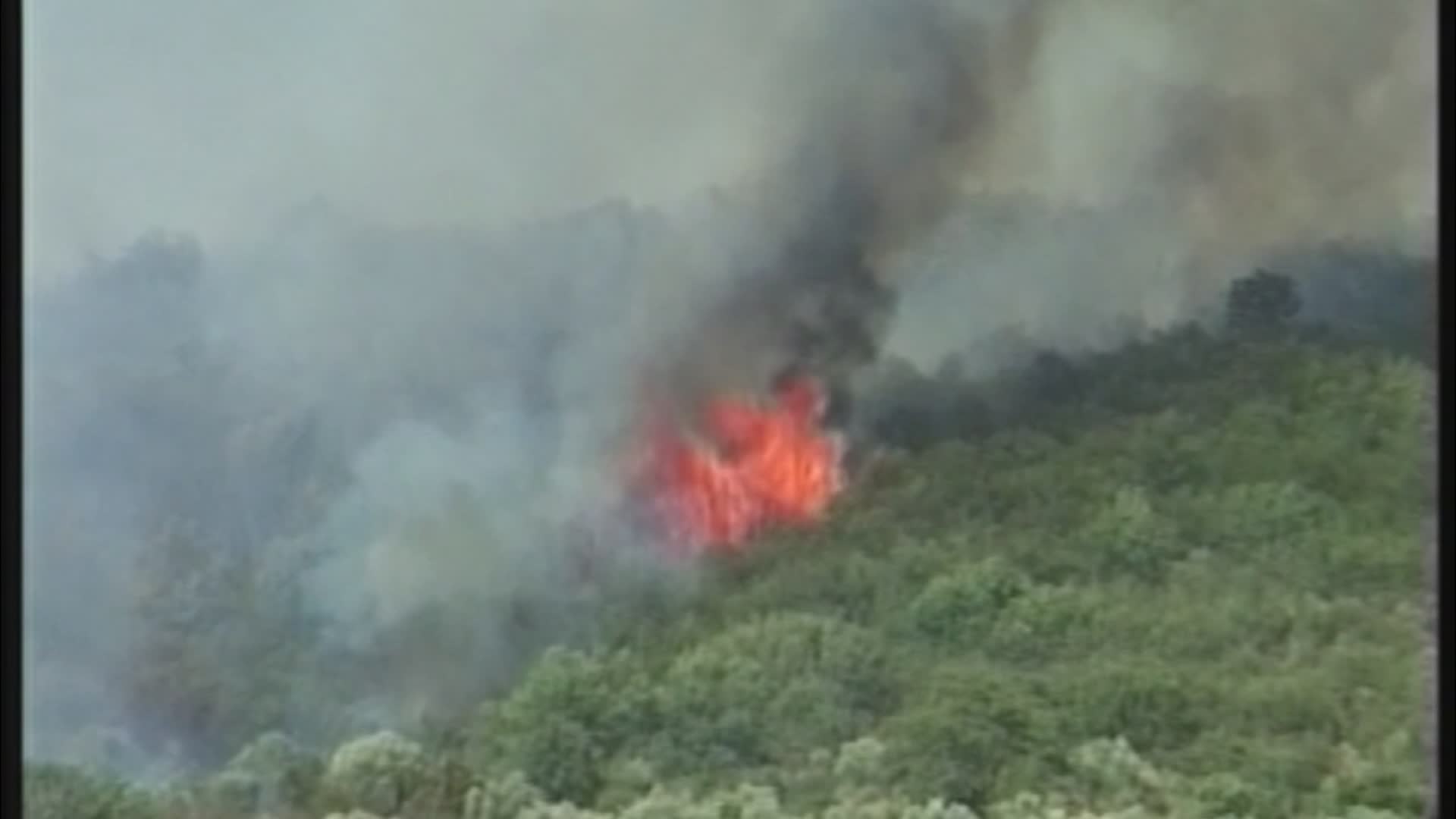 Carabinieri Forestali: 75 incendi nei boschi nel 2021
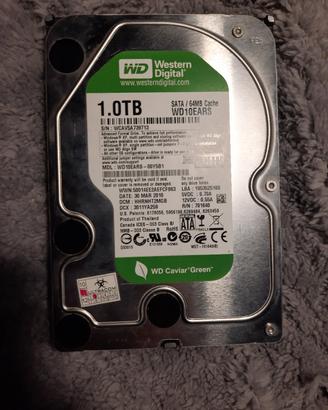 Hard Disk WD Green Caviar 1TB come nuovo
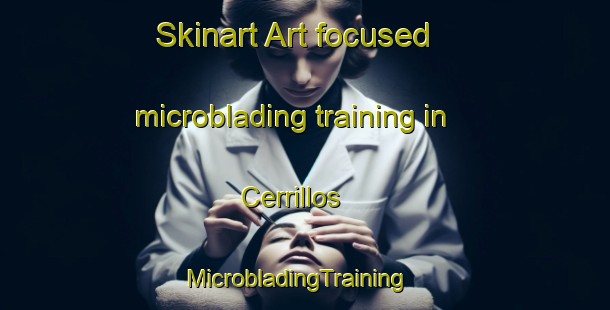 Skinart Art-focused microblading training in Cerrillos | MicrobladingTraining | MicrobladingClasses | SkinartTraining-Argentina
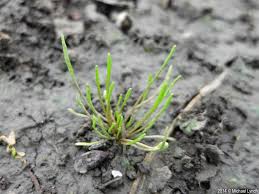 Attēlu rezultāti vaicājumam “Myosurus minimus”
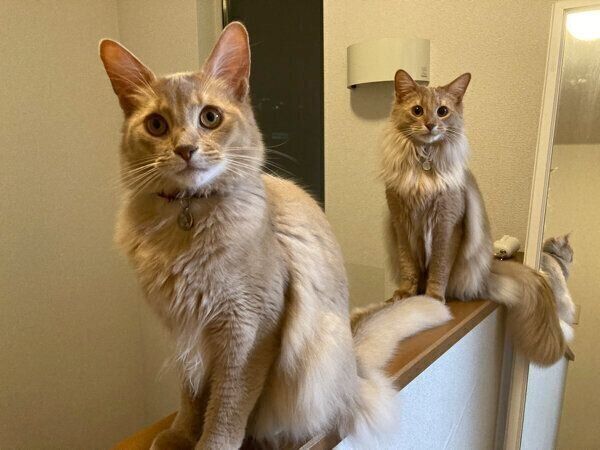 見つめる凪くん、颯くん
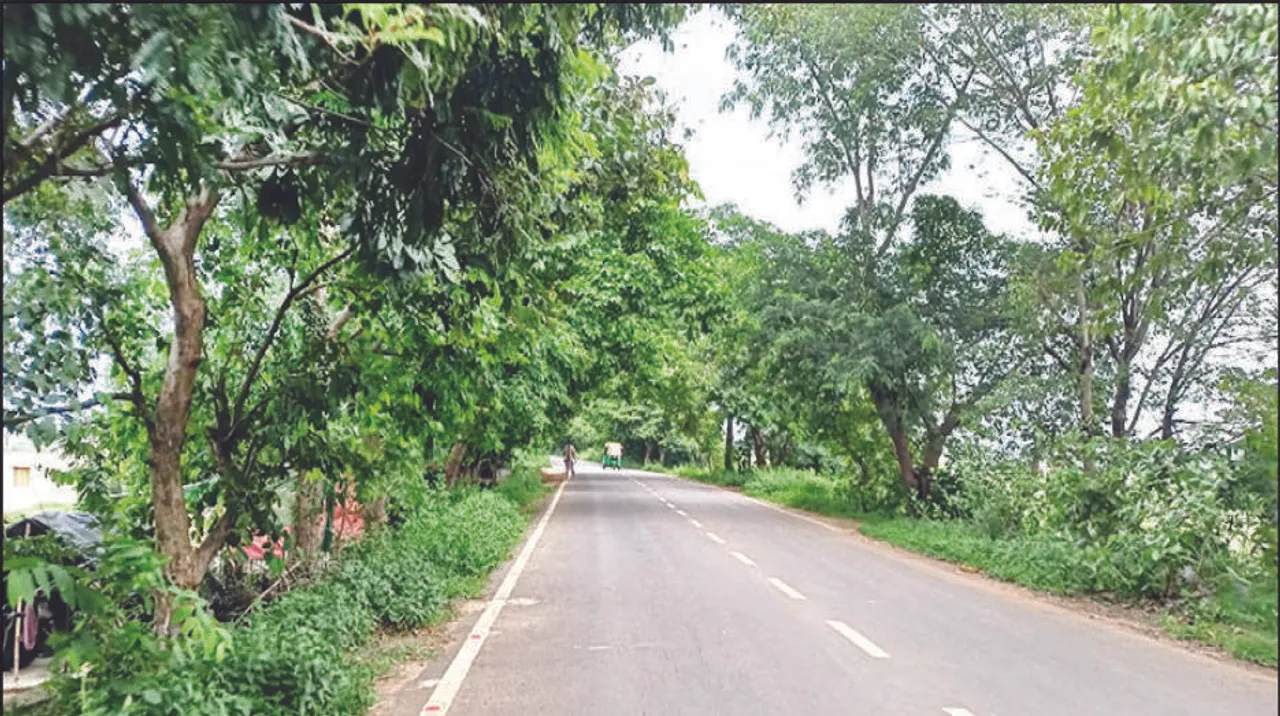  ମ‌ଞ୍ଚେଶ୍ବର-କାନପୁର ରାସ୍ତା ଘୋଷଣାକୁ ୮ ମାସ ବିତିଲା ଆଲୋକୀକରଣ ନୋହିଲା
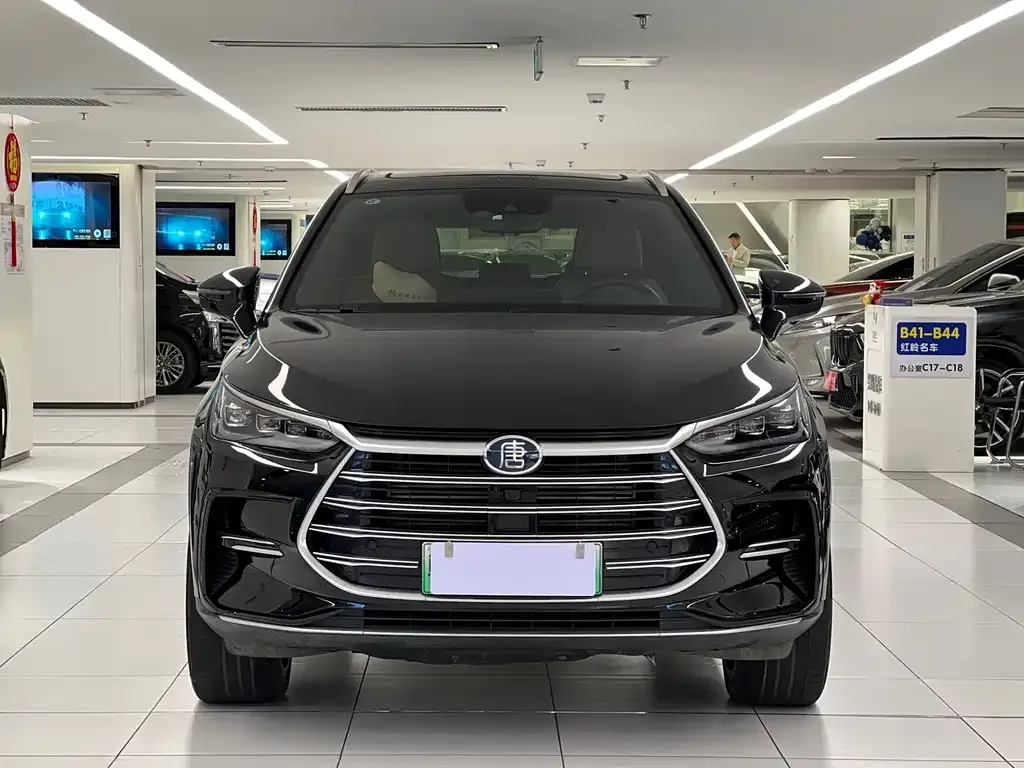 BYD Tang New Energy 2021 из CN, фото 2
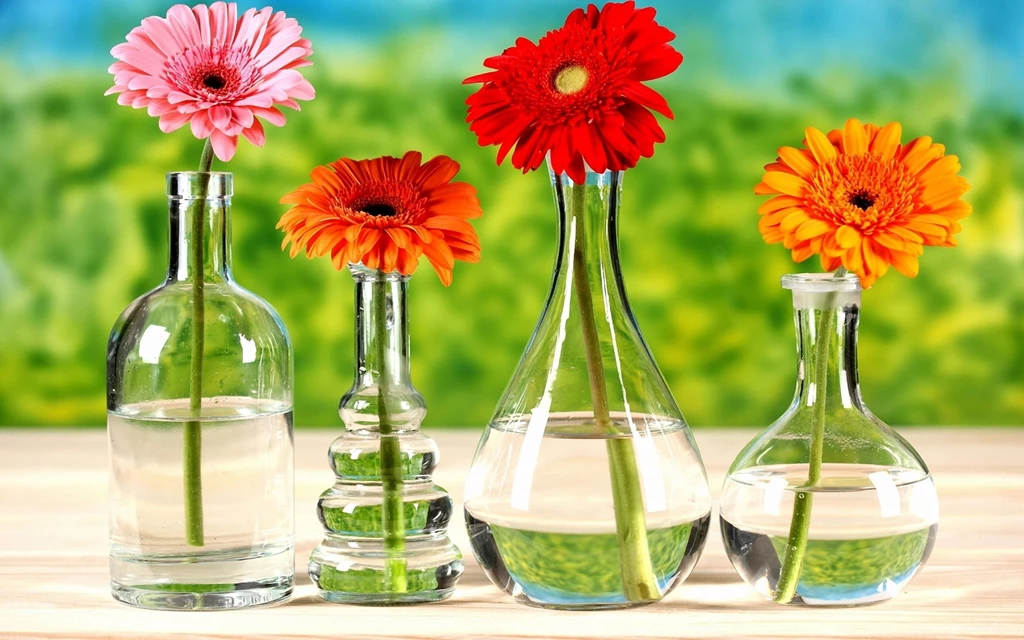 Blue Gerbera Daisies Wallpapers ImgMob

---*---

■ What to do
Leaving the pictures aside, write out only the lines from the one containing "Hard Disk WD Green Caviar 1TB come nuovo" through the end of the material, exactly as they stand.

■ Answer box
 Hard Disk WD Green Caviar 1TB come nuovo
 Skinart Art-focused microblading training in Cerrillos | MicrobladingTraining | MicrobladingClasses | SkinartTraining-Argentina
 Attēlu rezultāti vaicājumam “Myosurus minimus”
 見つめる凪くん、颯くん
  ମ‌ଞ୍ଚେଶ୍ବର-କାନପୁର ରାସ୍ତା ଘୋଷଣାକୁ ୮ ମାସ ବିତିଲା ଆଲୋକୀକରଣ ନୋହିଲା
 BYD Tang New Energy 2021 из CN, фото 2
 Blue Gerbera Daisies Wallpapers ImgMob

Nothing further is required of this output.